Буксгевден был остзейский барон, кровный немец, имевший больше связей при германском, чем при русском дворе; его слова были поняты как агитация за мир в пользу врага. Именно так отнесся к словам Буксгевдена Коновалов и жестоко обрушился на него.
— О мире с Германией не может быть и речи до тех пор, пока она не будет разбита.
— Но почему же так? — спросил Буксгевден.
— Очень просто, граф. Англо-французский капитал нам не страшен; он нам необходим. Он приходит в Россию и помогает русской промышленности создавать у себя новые заводы, фабрики, шахты. Он содействует экономическому процветанию России. Германия же, если она победит, завалит Россию дешевой продукцией своих заводов и убьет нашу промышленность. Германия должна быть раздавлена, как самый опасный конкурент создающейся русской фабрики.
Я с интересом слушал Коновалова, одного из тех людей, на которых в армии возлагали столько надежд и которые были известны в широких кругах общества как поднимающаяся сила, идущая к тому, чтобы рано или поздно сменить у власти царских чиновников. Но меня отвел в сторону вновь прибывший гость — мой старый друг Сухотин.
— Как я рад видеть тебя здесь, мой дорогой! — обрадовался я. Со времени нашей встречи в лицейском госпитале еще в 1914 году я не видел Сухотина и только слышал, что он с головой ушел в работу по организации оборонной промышленности. — Ну, как ты поживаешь?
— Как поживаю? — весело отвечал Сухотин. — Вчера доделал свой первый миллион.
— То есть?!
— Очень просто. С того времени как мы с тобой расстались, [154] я заработал миллион... правда, пока еще в рублях военного времени.
— Да ты настоящий финансовый гений!
— Гениальности тут нет никакой, но поработать пришлось немало.

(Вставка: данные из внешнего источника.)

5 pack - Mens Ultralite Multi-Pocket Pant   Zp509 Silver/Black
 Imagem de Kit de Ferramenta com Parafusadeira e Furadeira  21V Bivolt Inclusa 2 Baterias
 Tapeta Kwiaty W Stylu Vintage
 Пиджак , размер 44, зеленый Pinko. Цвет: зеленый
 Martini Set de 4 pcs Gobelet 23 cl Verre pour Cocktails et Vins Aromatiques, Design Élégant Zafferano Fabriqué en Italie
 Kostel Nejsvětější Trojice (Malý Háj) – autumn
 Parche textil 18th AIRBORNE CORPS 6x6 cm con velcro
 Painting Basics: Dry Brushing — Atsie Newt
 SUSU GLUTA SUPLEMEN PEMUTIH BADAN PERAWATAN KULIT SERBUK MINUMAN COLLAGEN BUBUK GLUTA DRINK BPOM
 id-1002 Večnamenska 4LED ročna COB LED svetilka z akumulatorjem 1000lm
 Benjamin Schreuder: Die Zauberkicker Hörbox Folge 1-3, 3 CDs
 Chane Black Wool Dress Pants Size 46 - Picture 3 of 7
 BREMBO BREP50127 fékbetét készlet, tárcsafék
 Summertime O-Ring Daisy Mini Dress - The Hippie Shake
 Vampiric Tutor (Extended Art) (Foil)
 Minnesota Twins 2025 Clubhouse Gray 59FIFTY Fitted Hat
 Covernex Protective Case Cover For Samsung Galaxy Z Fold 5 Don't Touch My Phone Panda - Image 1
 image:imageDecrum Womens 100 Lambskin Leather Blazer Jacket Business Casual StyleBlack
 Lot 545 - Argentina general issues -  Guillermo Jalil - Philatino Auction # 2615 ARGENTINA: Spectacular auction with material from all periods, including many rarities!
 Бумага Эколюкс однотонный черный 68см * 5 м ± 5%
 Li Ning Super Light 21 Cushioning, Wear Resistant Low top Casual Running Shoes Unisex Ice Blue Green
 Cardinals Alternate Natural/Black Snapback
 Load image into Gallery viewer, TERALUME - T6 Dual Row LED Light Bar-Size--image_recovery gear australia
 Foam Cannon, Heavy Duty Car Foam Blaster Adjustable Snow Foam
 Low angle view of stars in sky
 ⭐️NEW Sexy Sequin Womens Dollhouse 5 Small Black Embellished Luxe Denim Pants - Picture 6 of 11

Мы отошли в сторону, и я попросил его объяснить мне, как можно было за два года из инженера с хорошим жалованьем превратиться в миллионера.
— Очень просто. Прежде всего не надо терять времени и всегда помнить, что завтра быстро превращается во вчера. Я работал в группе известного нефтяника Лианозова. Когда началось создание военной промышленности, Лианозов получил крупный заказ от артиллерийского ведомства. У него были свободные капиталы — как свои, так и доверенные ему французскими банками, и он решил на этом деле хорошо заработать. Было созвано совещание руководящих работников его предприятий. Меня тоже пригласили на это совещание, и я выступил со своим проектом. Он был не совсем обычен, даже дерзок. Я заметил, что Лианозов, большой любитель смелых проектов, прислушался. На собрании он не сделал никаких выводов. Но после собрания меня пригласили к нему, и он поручил мне одну работу. Я её выполнил успешно. Лианозов заработал на моем проекте 10–12 миллионов. В результате я нашел на своем столе письмо от хозяина, в котором он благодарил меня за успех и уведомлял о том, что я принят участником в деле и что на мое имя положен пакет акций. Это было началом. Потом последовала успешная игра на бирже, а за нею несколько удачных покупок: шахта в Донбассе, заводик в Екатеринбурге и т. д. Если так пойдет дальше, то к тому времени, как ты возьмешь Константинополь, я буду в первых рядах наших промышленников.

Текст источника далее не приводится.